- _Task input_:
◆ ◆ ◆
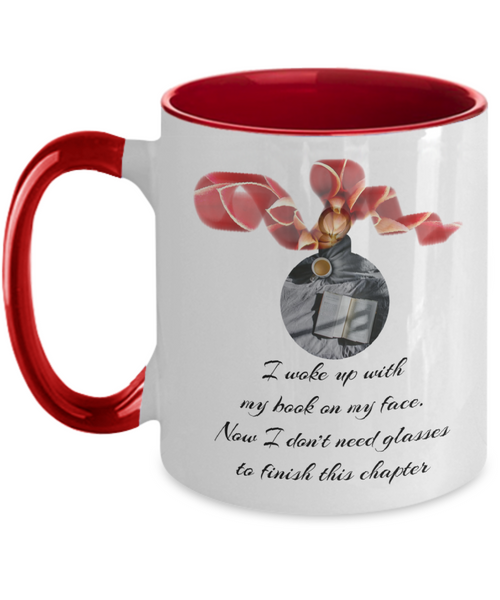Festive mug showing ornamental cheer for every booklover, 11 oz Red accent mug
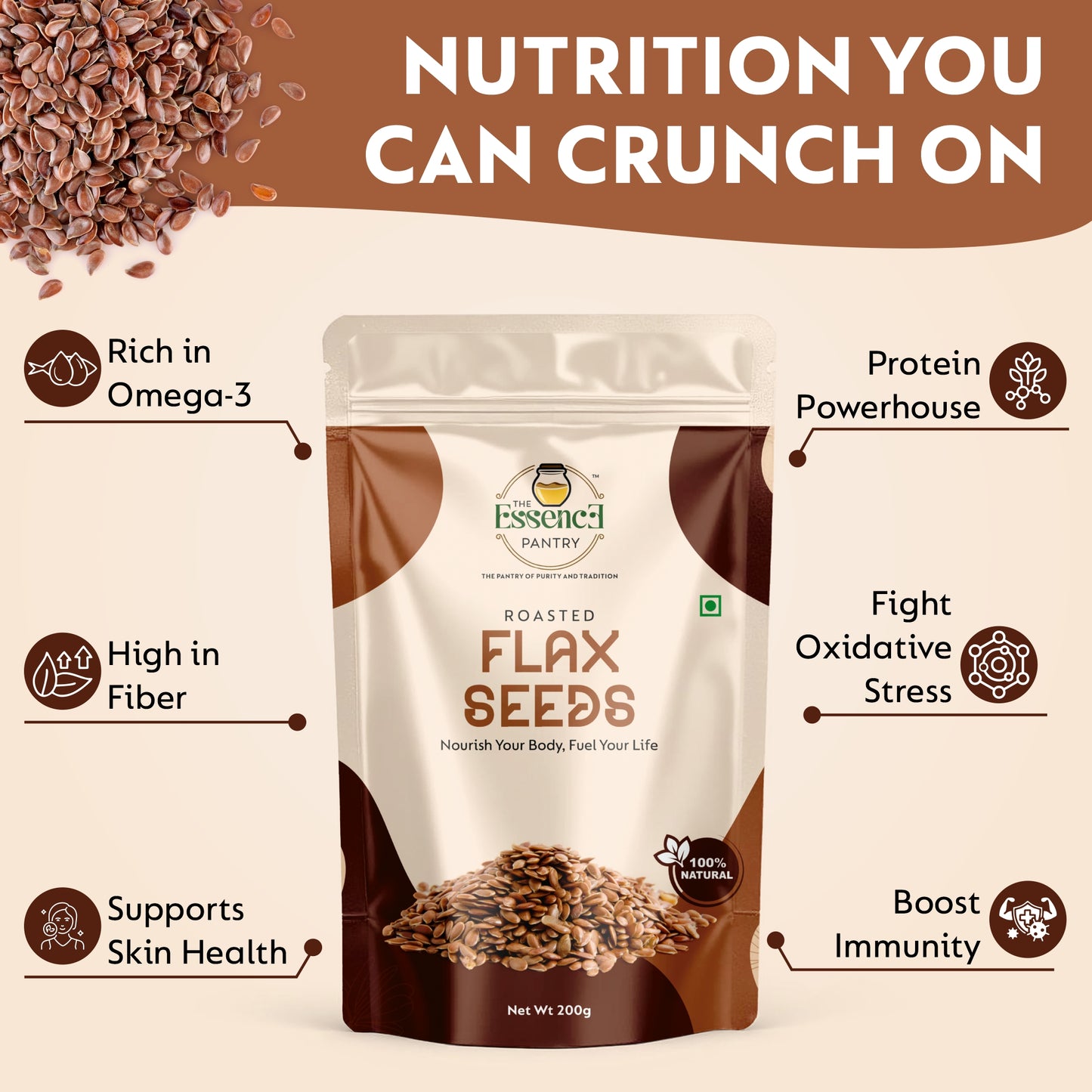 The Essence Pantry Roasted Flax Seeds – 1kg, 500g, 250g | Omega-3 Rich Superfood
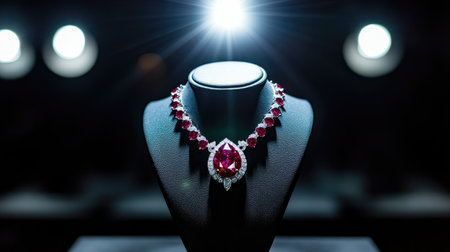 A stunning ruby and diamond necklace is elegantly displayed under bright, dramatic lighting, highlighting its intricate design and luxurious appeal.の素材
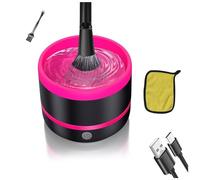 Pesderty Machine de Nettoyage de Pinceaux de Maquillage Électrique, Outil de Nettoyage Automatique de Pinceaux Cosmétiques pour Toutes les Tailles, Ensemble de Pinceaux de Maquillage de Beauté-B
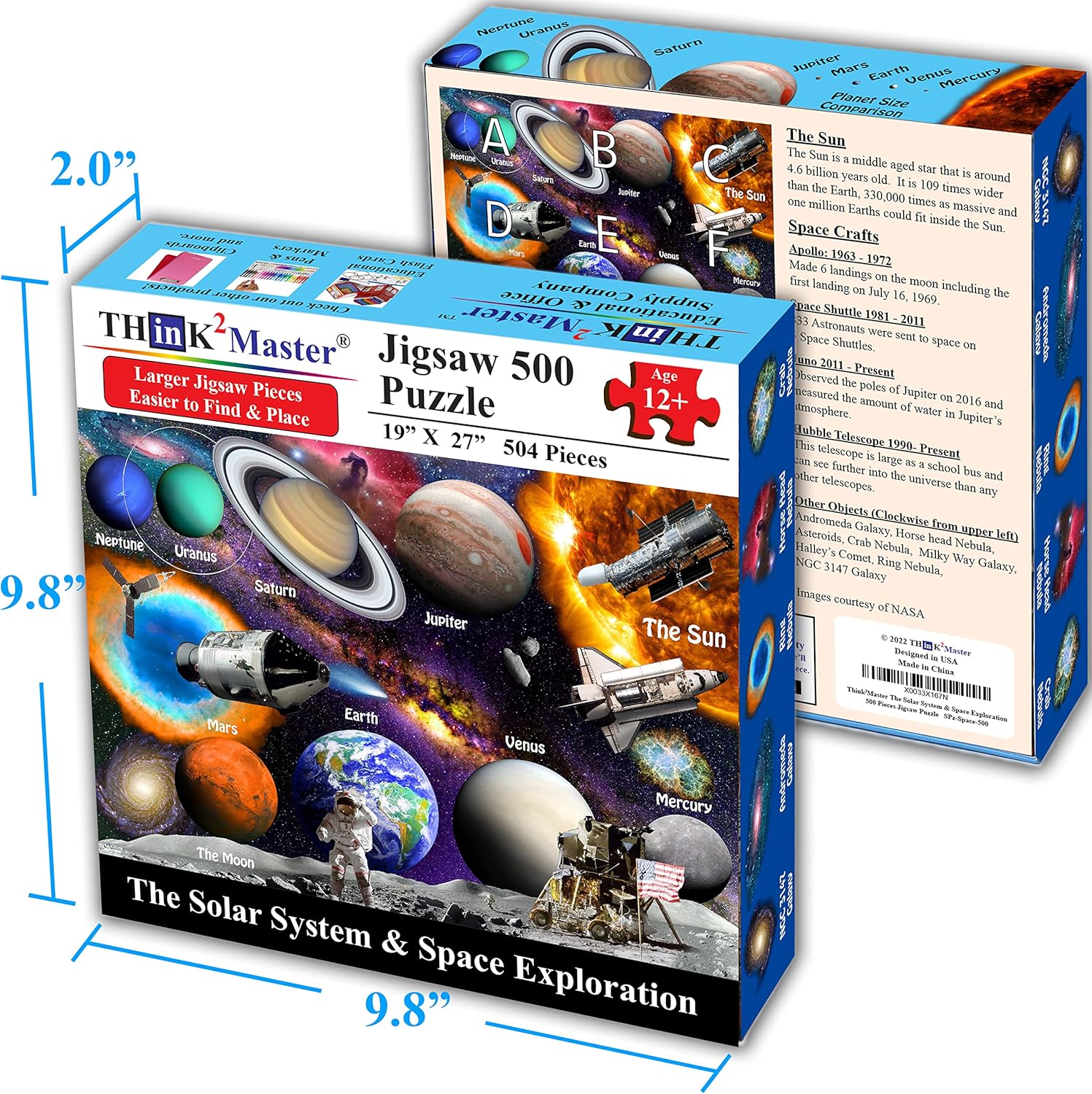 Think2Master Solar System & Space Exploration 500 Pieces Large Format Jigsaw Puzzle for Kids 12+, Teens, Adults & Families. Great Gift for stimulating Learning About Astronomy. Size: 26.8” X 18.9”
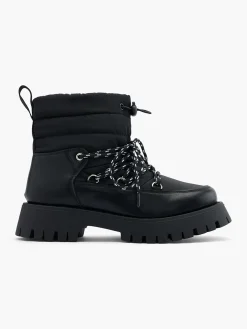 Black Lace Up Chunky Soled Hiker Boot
◆ ◆ ◆
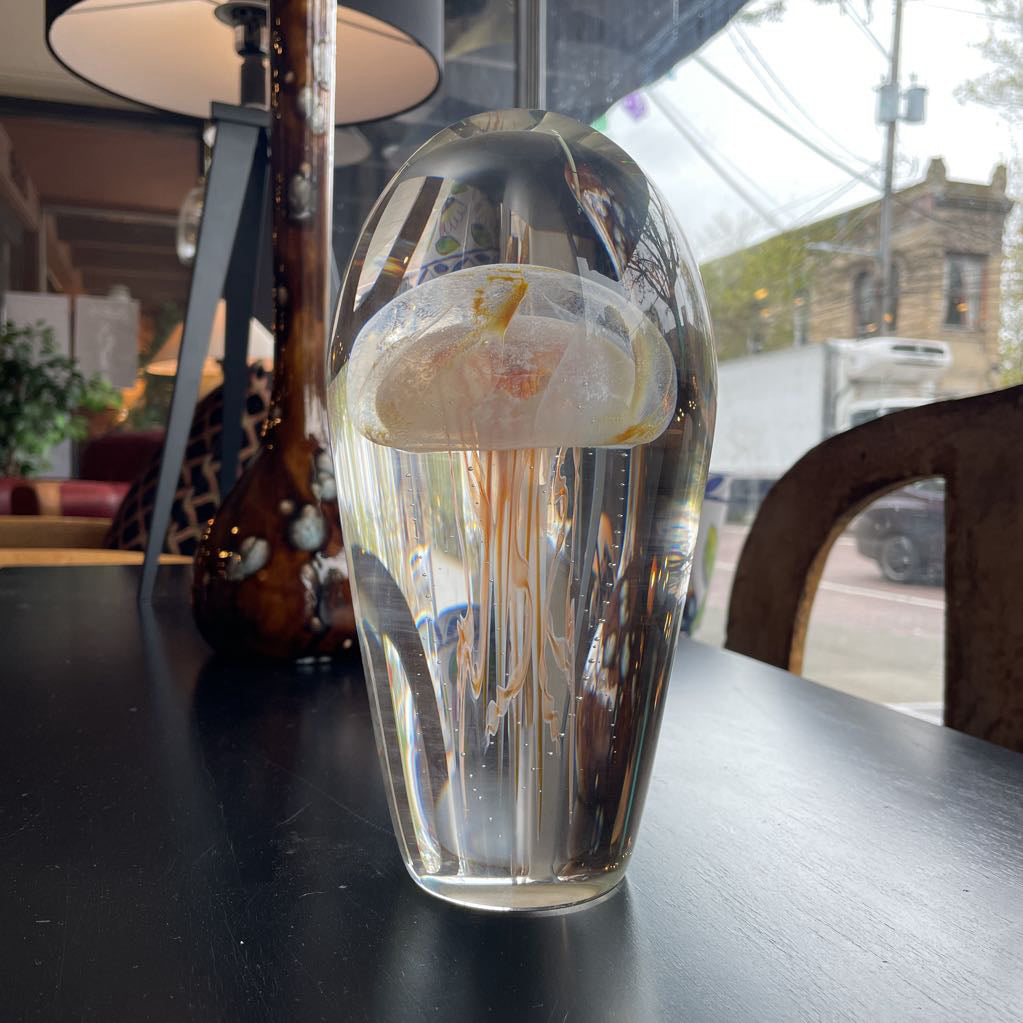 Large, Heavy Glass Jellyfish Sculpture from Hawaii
◆ ◆ ◆
- _Goal of the exercise_:
Within the listing above, the lines from the one with "The Essence Pantry" through the one with "Black Lace Up Chunky Soled Hiker Boot" are to be given again word for word. Do not include pictures.

- _Solution to this task_:
 The Essence Pantry Roasted Flax Seeds – 1kg, 500g, 250g | Omega-3 Rich Superfood
 A stunning ruby and diamond necklace is elegantly displayed under bright, dramatic lighting, highlighting its intricate design and luxurious appeal.の素材
 Pesderty Machine de Nettoyage de Pinceaux de Maquillage Électrique, Outil de Nettoyage Automatique de Pinceaux Cosmétiques pour Toutes les Tailles, Ensemble de Pinceaux de Maquillage de Beauté-B
 Think2Master Solar System & Space Exploration 500 Pieces Large Format Jigsaw Puzzle for Kids 12+, Teens, Adults & Families. Great Gift for stimulating Learning About Astronomy. Size: 26.8” X 18.9”
 Black Lace Up Chunky Soled Hiker Boot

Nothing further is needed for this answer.